Bayern 3
- Germany;
- Broadcast area: Bavaria South Tyrol (via DAB+)
- Frequencies: DAB: 11D; 42 FM frequencies;

Programming
- Language: German
- Format: Hot AC

Ownership
- Operator: Bayerischer Rundfunk (BR)
- Sister stations: Bayern 1 Bayern 2 BR-Klassik BR24 BR24live BR Heimat BR Schlager

History
- First air date: 1 April 1971

Links
- Webcast: Listen Live
- Website: bayern3.de

= Bayern 3 =

Bayern 3 is a public radio station owned and operated by Bayerischer Rundfunk (BR), the public broadcaster in the German state of Bavaria.

==History==
Bayern 3 started operating on 1 April 1971 as BR’s third radio channel. It is focused on pop music. It has more than 2 million daily listeners.

In February 2021, Bayern 3 host Matthias Matuschik faced criticism after an on-air xenophobic tirade against South Korean boyband BTS. Various hashtags began trending on Twitter over the weekend, demanding an apology.

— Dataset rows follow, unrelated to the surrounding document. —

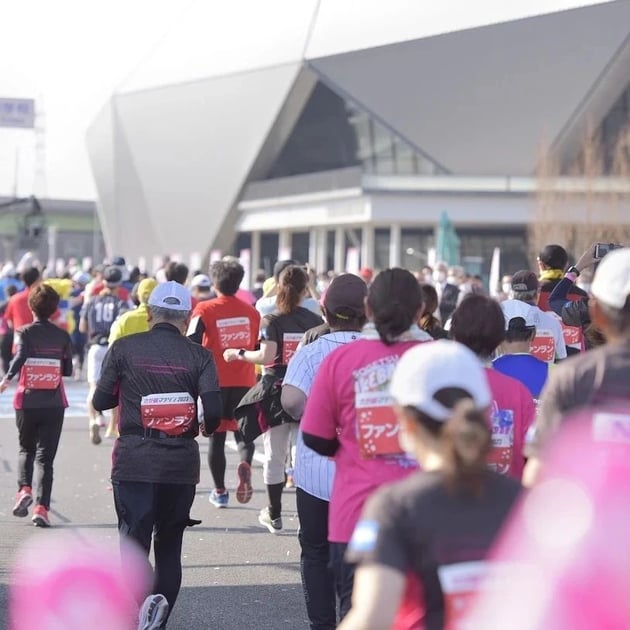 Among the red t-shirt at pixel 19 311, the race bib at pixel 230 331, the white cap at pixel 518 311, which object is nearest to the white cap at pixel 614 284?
the white cap at pixel 518 311

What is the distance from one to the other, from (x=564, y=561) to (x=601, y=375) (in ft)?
3.51

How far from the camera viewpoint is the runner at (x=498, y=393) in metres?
4.54

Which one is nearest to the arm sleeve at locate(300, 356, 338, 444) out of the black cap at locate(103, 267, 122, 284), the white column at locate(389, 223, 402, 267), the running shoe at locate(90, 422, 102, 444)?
the running shoe at locate(90, 422, 102, 444)

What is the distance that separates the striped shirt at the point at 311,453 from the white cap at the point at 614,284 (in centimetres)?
199

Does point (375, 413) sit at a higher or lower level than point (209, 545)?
higher

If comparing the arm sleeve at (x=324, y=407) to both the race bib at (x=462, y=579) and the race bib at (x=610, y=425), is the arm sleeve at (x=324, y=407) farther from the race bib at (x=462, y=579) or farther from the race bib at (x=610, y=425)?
the race bib at (x=462, y=579)

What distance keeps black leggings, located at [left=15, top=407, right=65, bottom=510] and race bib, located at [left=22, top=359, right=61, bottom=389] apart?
0.54ft

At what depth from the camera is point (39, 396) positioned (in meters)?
9.44

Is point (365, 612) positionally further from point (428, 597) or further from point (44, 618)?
point (44, 618)

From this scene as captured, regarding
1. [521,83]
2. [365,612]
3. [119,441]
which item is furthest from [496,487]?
[521,83]

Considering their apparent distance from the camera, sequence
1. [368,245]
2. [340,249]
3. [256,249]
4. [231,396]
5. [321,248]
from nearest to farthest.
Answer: [231,396] < [368,245] < [340,249] < [321,248] < [256,249]

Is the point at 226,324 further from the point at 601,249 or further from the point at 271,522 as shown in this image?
the point at 601,249

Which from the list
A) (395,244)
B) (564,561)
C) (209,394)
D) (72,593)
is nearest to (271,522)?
(209,394)

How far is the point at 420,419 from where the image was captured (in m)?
3.13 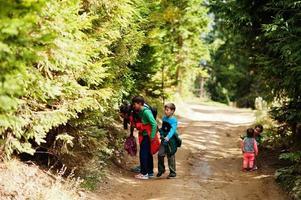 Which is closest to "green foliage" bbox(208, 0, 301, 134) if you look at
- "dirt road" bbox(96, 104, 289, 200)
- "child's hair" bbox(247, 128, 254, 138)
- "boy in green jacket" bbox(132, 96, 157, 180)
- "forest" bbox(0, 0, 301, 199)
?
"forest" bbox(0, 0, 301, 199)

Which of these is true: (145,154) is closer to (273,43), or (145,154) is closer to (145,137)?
(145,137)

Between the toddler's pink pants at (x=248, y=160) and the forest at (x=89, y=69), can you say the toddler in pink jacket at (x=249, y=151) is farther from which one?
the forest at (x=89, y=69)

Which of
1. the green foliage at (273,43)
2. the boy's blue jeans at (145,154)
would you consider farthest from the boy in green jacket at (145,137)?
the green foliage at (273,43)

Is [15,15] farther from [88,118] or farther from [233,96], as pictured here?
[233,96]

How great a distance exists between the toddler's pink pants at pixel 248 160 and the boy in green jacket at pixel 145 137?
116 inches

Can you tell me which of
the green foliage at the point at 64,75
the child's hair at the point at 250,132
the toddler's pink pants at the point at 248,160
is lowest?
the toddler's pink pants at the point at 248,160

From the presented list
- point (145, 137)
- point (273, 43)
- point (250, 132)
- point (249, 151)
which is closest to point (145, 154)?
point (145, 137)

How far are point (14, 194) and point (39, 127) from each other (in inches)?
50.0

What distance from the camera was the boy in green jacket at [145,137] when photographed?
11.1m

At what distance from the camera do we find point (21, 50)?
6.02 m

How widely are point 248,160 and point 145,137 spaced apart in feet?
11.1

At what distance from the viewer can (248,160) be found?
42.4ft

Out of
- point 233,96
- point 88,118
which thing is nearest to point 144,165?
point 88,118

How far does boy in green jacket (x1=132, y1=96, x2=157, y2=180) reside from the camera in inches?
436
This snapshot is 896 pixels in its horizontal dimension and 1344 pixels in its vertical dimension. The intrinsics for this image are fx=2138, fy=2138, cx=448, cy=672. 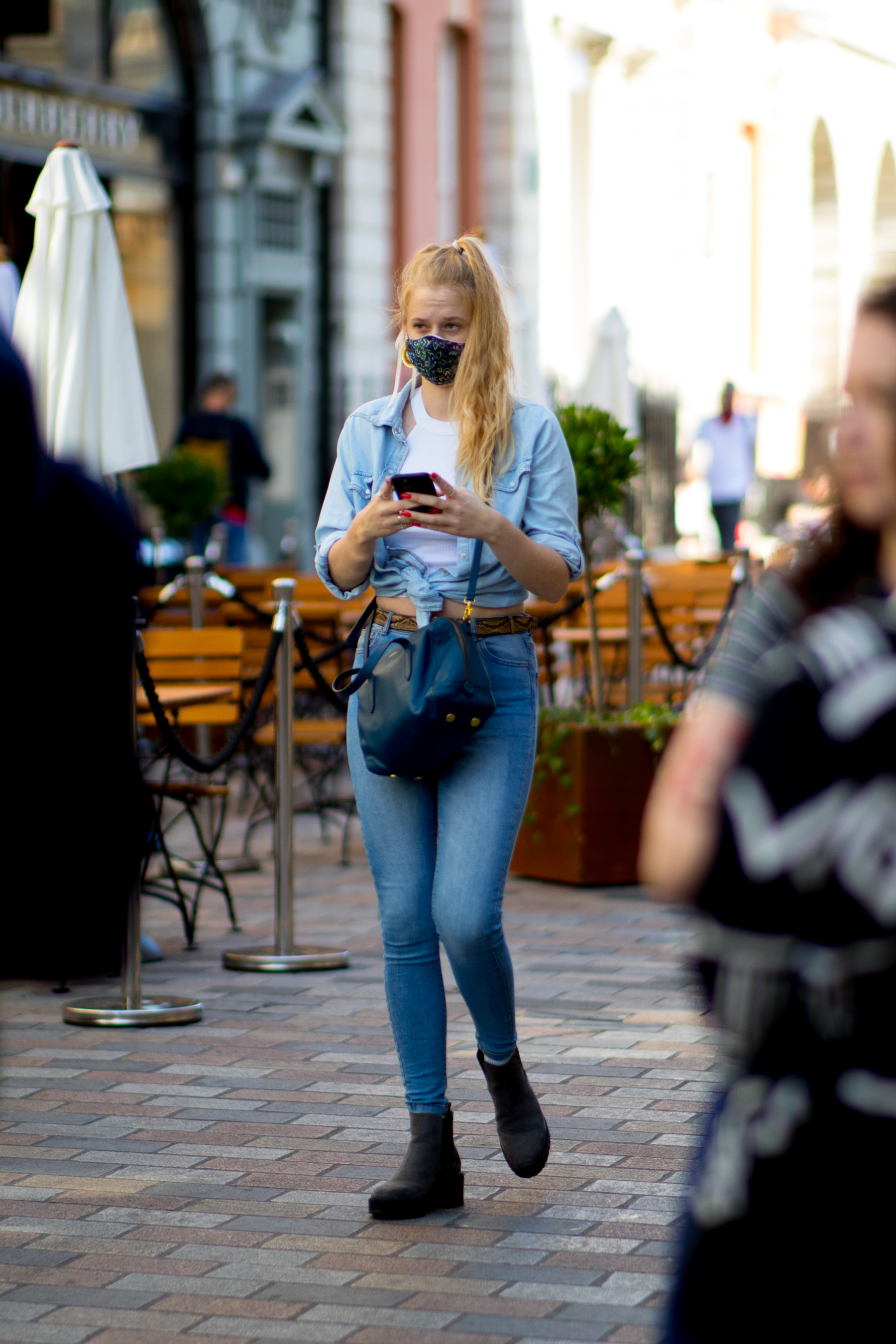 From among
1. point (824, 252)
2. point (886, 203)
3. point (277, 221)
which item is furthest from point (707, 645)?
point (886, 203)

Bayern 3 was again criticized when instead of apologizing, they issued a statement blaming people for being offended and that Matuschik was stating an opinion. Various artists condemned Matuschik’s words, including Halsey, Lauv, Zara Larsson and others. Another apology was issued, but Matuschik’s continued denial of wrongdoing led to more scrutiny.